> _TASK REQUIREMENTS_: Find the line with "République fédérale d'Allemagne" in the records below. Output exactly from there until after the line with "Apartamentos Mar y Playa", without pictures.
+++ THE RECORDS +++
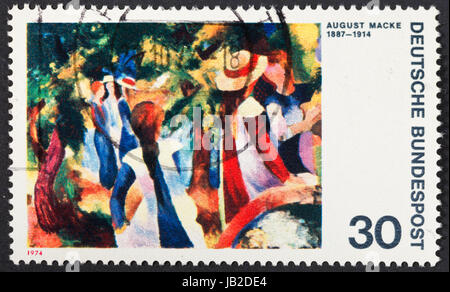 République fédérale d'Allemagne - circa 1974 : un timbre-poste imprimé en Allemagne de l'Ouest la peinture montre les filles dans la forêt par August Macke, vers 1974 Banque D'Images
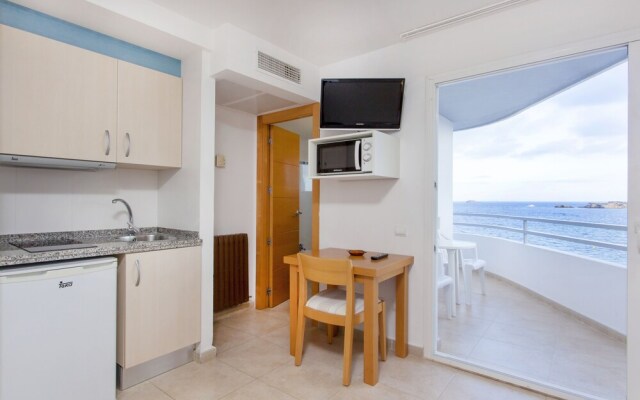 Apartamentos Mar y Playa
+++
+++ THE RECORDS +++
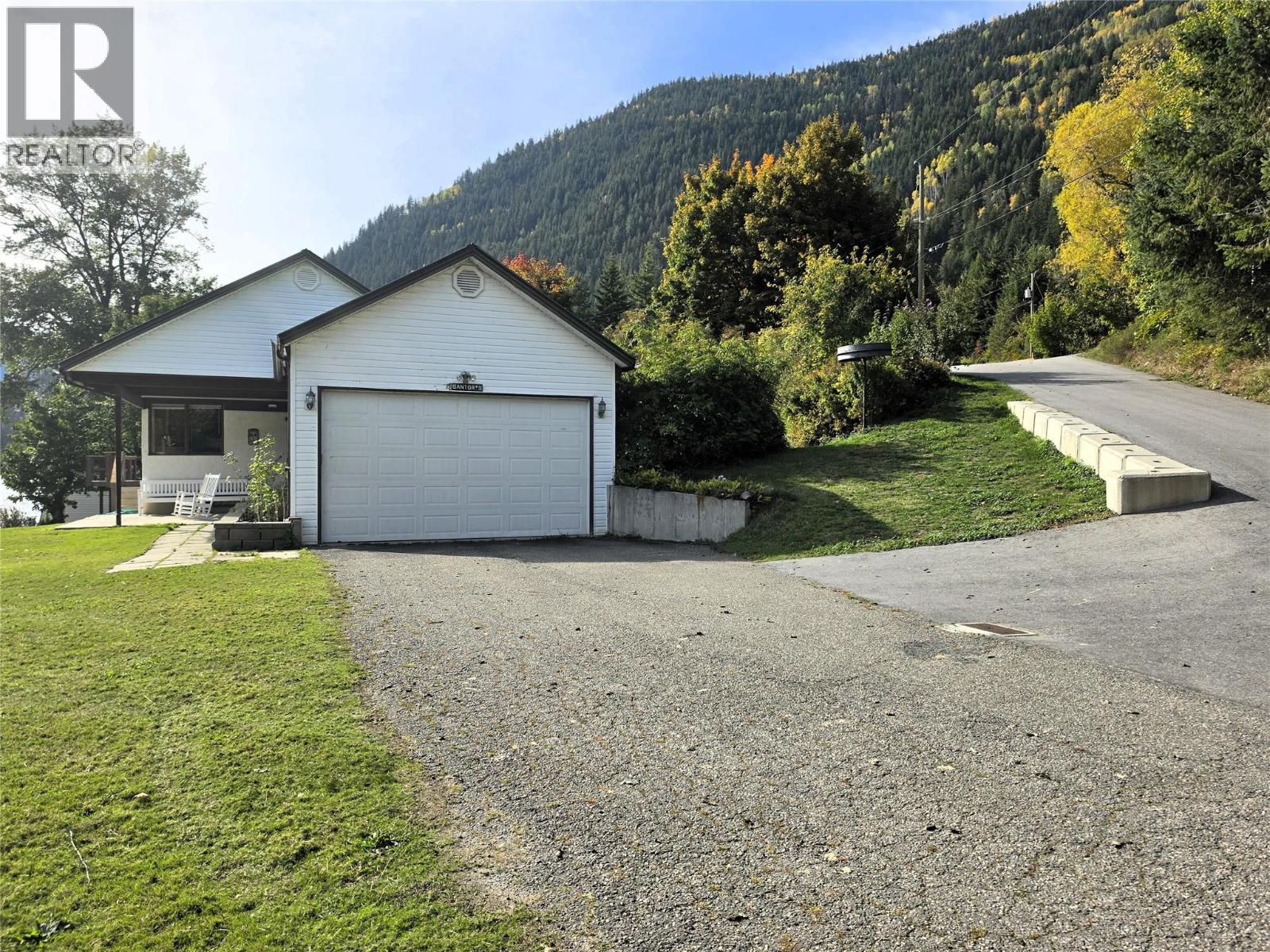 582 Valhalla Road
+++
> _WRITTEN RESPONSE_:
 République fédérale d'Allemagne - circa 1974 : un timbre-poste imprimé en Allemagne de l'Ouest la peinture montre les filles dans la forêt par August Macke, vers 1974 Banque D'Images
 Apartamentos Mar y Playa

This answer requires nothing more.